Ask HN: Disrupting online dating - valid thoughts? - dsplittgerber
http://nullrisiko.biz/daniel/2009/06/10/its-neither-the-chicken-nor-the-egg-thoughts-on-disrupting-online-dating-business-models/

======
marvin
I don't think "online dating" will ever work. Sexual attraction isn't about
the kind of rational things you can communicate over our current, low-
bandwidth digital connections. It is well and good to describe your
personality with words and pictures, but in most cases it isn't enough. It
might even be counterproductive for people who are unable to look good in a
photograph.

The things described in the linked post (commonalities) _are_ important parts
of dating and attraction, but initial attraction is much more about the subtle
things: Body language, subtle personality cues like clothing and hair style,
all sorts of instant non-verbal communication, social proof etc. So either you
have to remove these factors from the equation entirely (I can't really see
how to do this) or you have to make an arena where they can be properly
expressed.

This would mean, essentially, arranging real-life encounters where everybody
has a decent chance at relaxing and being themselves. The thing is, nightclubs
do a pretty good job at this already. The biggest solvable problem of
nightclubs is differentiation; if you go to a nightclub you invariably meet
the outgoing, confident, secure club crowd.
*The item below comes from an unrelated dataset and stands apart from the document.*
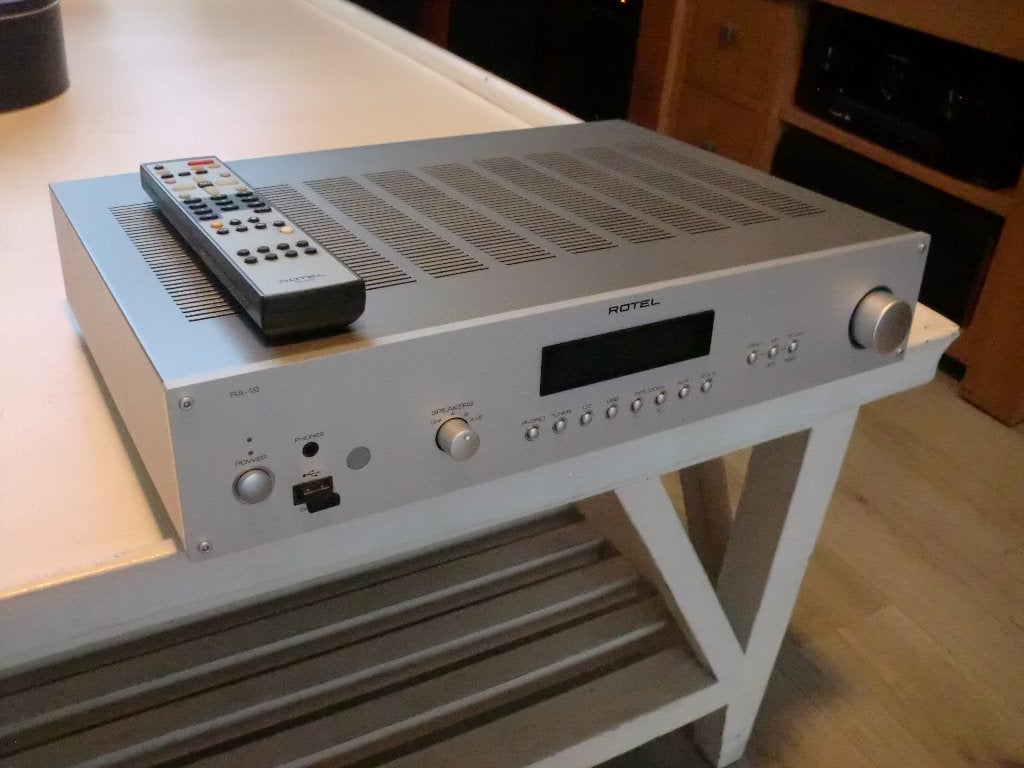 Rotel RA-12 Stereo onderhoud gehad 100% goed., Ophalen of Verzenden, Zo goed als nieuw, Overige merken, Losse componenten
It's always a high-pressure arena.
But actually, relaxing and being yourself around strangers is pretty damn
difficult as it is.

This is just the basic human part of the problem. But there are much deeper
issues to think about. Sexuality and relationships are a very sore and
difficult part of human nature, and it is never rational. There are chaotic,
unmapped social issues here as well; for example a lot of women are interested
in sex just for the physical thrill but have a huge social barrier against
casual relationships. On the casual dating scene, this manifests itself as a
series of games of playing hard-to-get, blaming alcohol for a successful one-
night-stand, etc. I don't think _anyone_ has the vaguest idea of all the other
similar, irrational cultural norms that will bite you in the ass if you try to
tame this problem.

Online dating is difficult because

+It is hard to convey your personality over an internet connection

+No one is able to tell you what you're doing wrong, since the rational and
quantifiable part of dating is so small

+There are a lot of unmapped social and human behaviors that will fuck things
up

Basically, I'd just try to tackle some difficult technical field instead.
Human sexuality is too chaotic and hard to quantify.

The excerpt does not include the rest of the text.